Penrith Museum of Printing

The jacaranda trees are in flower around the Paceway, and a carpet of mauve petals surrounds the unassuming green shed that houses the Museum of Printing. Apart from the row of flags which announce the museum is open, swaying in the wind, and the magpies pecking at the lawn by the racing track, all is still. It is Sunday morning and, apart from the sound of the traffic on Mulgoa Road, it would seem like not much is happening in this quiet corner of Penrith.

Inside the museum it is a different story. At first I’m not sure what to expect from the sign that promises I’m about to meet the Linotype machine, the Eighth Wonder of the World. I am not quite able to imagine what lies behind the folding doors with a print of woodcut of a 15th century printing workshop on them. As an introduction, a display cabinet in the lobby has a display of various pieces of printerly ephemera: an invitation to the Copy Boy’s Picnic, instruction manuals and samples of type. I’m looking at this when the doors open and one of the museum guides welcomes me in.

It is busy in the print museum: every corner of it has a volunteer working away at something. One man has the top of one of the machines open and is cleaning it with a strong-smelling solvent, dipping a paintbrush into a saucepan, then leaning down into the mechanism to apply it. In the back corner, two men work with trays of type, and on the other side of the room, another operates a printing press. There’s a whirring, rattling sound as the press operates, which resounds through the room. It is as busy as I imagine print shops were when machines such as these produced anything printed: newspapers, books, office stationery, leaflets, everything before printing technology changed and these kinds of machines were thought to be redundant. Many of them were scrapped, but others, like these machines in the museum, have been saved by the efforts of printers who worked with them for decades, cared about their historical significance, and wanted to see them preserved.

Everything here works, the guide tells me, gesturing to the printing presses and the linotype machines. One tall iron press at the back of the room is painted green and has a gold eagle on the top: a weight, the guide tells me, not just a decoration. It is a Columbian Press, which was used to print the Carcoar Chronicle and then had another life on display in the foyer of Fairfax: the first copies of the Sydney Morning Herald had been printed on a similar press.

As we move around the museum, parts of the story are taken up by each of the volunteers. A compositor tells me how you could handset type as small as 2 point, so small it was barely readable, just by knowing the location of it in the case. He asks my name and, quick as a flash, hovers his hand over a tray of type and my name is set, upside down and back to front, in the composing stick. For posters they would use big blocks of wooden type, to print things like headline display posters, the kind that would be put outside of newsagencies. Another compositor tells me that, when Elvis died in 1977, they had used the largest letters of all to make the headline announcing this, as if that didn’t happen very often.

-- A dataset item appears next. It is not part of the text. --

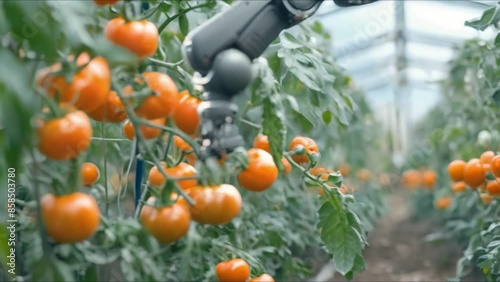 Enhancing Efficiency and Quality in Greenhouse Farming through Robotic Arm Tomato Harvesting. Concept Robotics, Greenhouse Farming, Efficiency, Quality, Tomato Harvesting photo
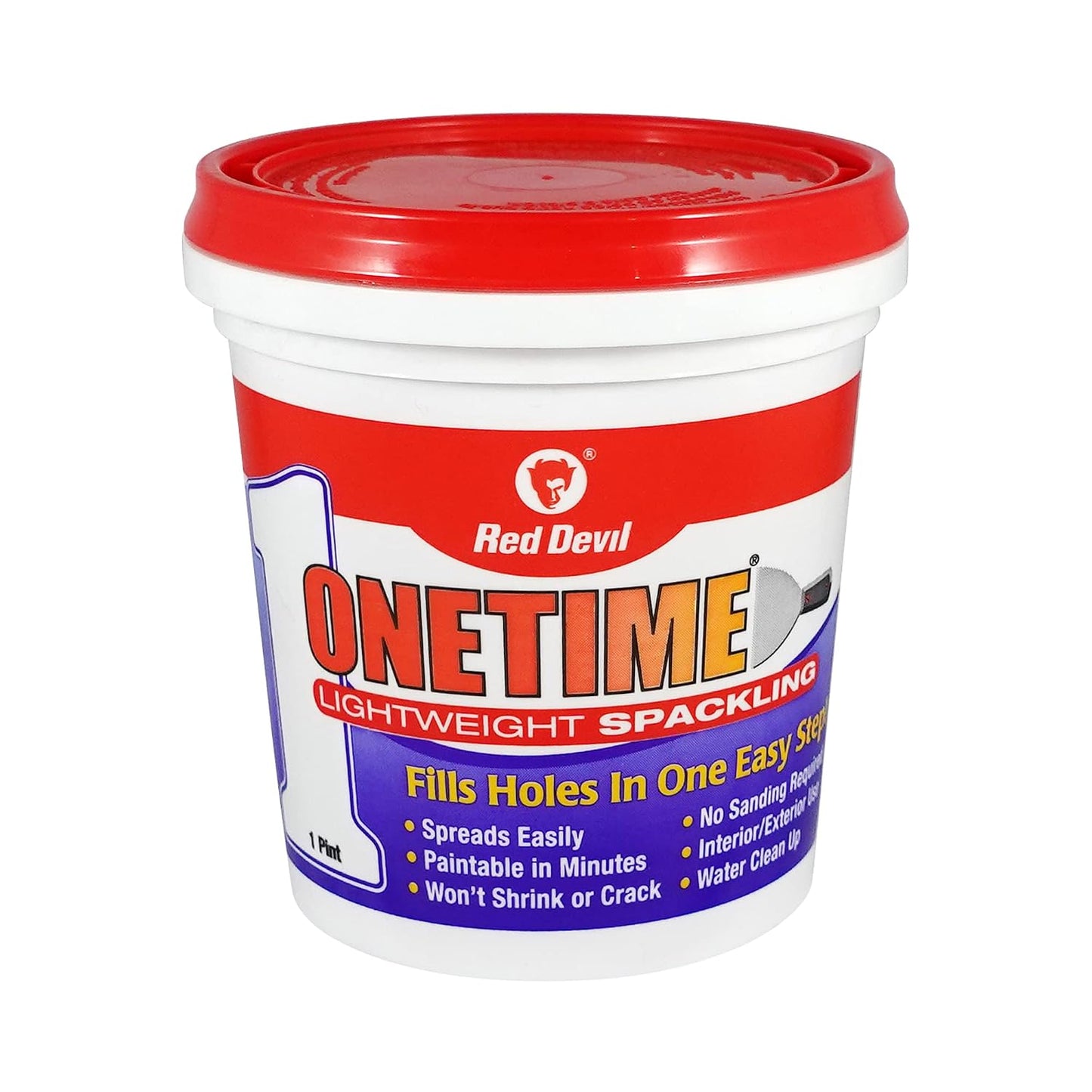 Red Devil 0542 ONETIME Lightweight Spackle Wall Repair, Spackling for Holes Drywall, 1/2 Pint, White, 8 Ounce, Made in USA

On to the eighth wonder of the world: the linotype machine. The man with the saucepan and brush pauses his cleaning operations and turns to show me how the Intertype – a tall and complex metal cabinet with a small keyboard at the base – operated. It had been invented in the 1880s by a watchmaker, he told me, who applied the mechanics of watch movements to devising a typesetting machine that would cast text out of molten lead, line by line.

The typesetter sits at the keyboard and types out a line of text, activating the machine, which rattles into life. The matrices – the metal pieces used to cast the type – drop down from a cabinet above and move through the machine with such precise, swift action that, by the end of the demonstration, I agree it is indeed a wonder. The typesetter had worked in a room that had 136 of them, noisily churning out the daily news. You were paid by the line, he told me, and if the machine malfunctioned you had to ring a bell that would bring the mechanic over to fix it. All major newspapers had rooms of linotype machines, like this one from around 1930, at the Sydney Morning Herald.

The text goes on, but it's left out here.